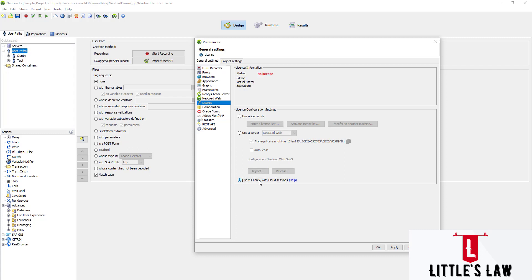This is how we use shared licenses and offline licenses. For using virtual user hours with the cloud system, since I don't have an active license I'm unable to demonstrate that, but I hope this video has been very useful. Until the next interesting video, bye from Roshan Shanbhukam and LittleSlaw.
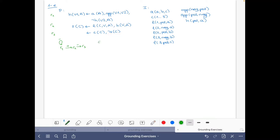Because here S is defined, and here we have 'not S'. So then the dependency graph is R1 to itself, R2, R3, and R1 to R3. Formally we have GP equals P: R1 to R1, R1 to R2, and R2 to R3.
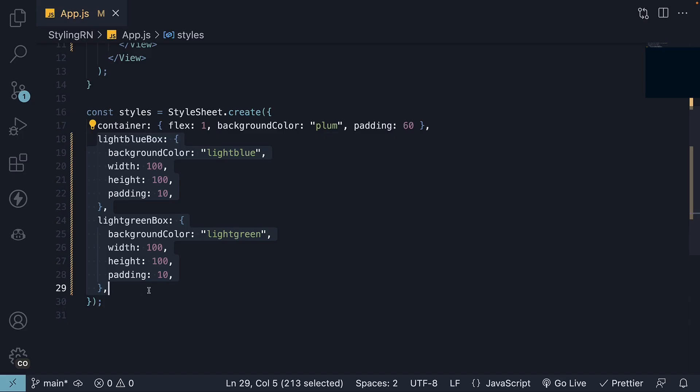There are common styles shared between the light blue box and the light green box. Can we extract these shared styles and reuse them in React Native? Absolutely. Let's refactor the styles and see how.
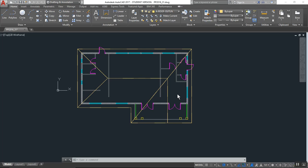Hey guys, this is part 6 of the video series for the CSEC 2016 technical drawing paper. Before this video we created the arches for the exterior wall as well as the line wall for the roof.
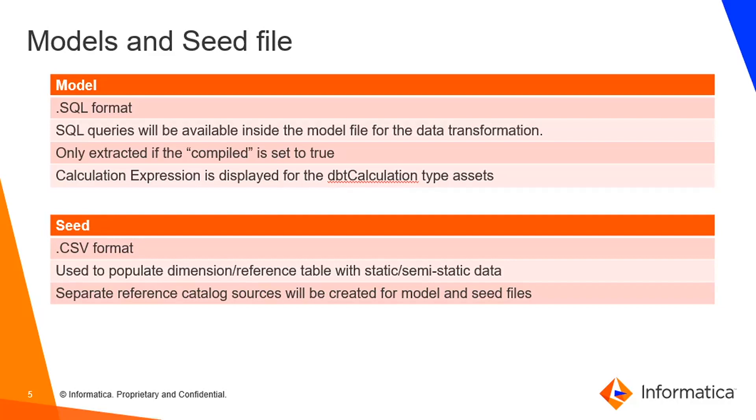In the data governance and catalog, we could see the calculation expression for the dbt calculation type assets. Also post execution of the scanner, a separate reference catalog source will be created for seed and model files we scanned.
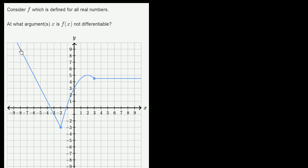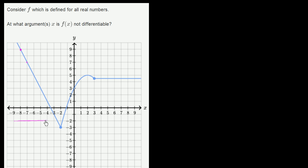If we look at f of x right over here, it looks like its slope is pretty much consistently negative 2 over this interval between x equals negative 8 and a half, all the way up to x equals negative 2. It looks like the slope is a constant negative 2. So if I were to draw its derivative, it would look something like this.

==

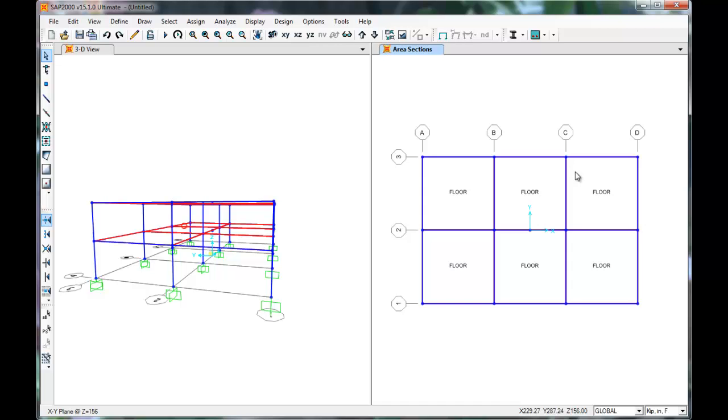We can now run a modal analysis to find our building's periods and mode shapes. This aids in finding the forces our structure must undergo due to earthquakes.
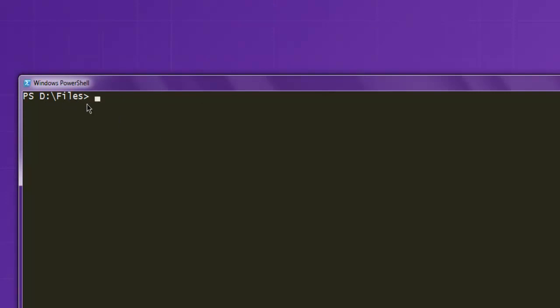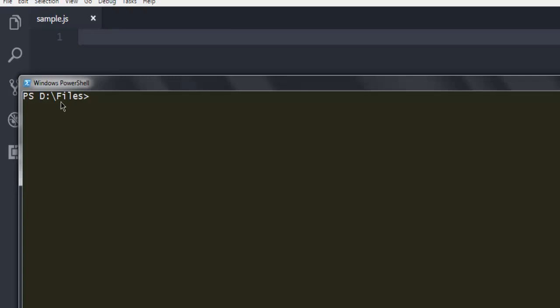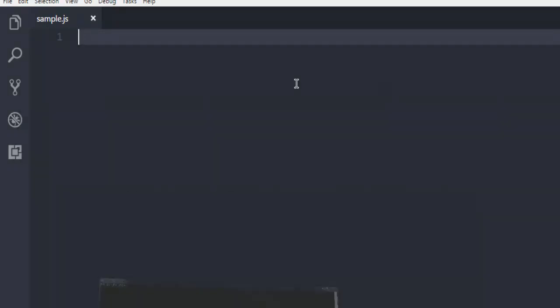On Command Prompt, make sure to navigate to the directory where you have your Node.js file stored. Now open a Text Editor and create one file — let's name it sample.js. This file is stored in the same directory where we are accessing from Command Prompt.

Work order: Beginning with the line above that contains "In the data" and finishing with the line that contains "If we look at", print those lines exactly and only. Skip all pictures.

Output:
In the data governance and catalog, we could see the calculation expression for the dbt calculation type assets. Also post execution of the scanner, a separate reference catalog source will be created for seed and model files we scanned.
If we look at f of x right over here, it looks like its slope is pretty much consistently negative 2 over this interval between x equals negative 8 and a half, all the way up to x equals negative 2. It looks like the slope is a constant negative 2. So if I were to draw its derivative, it would look something like this.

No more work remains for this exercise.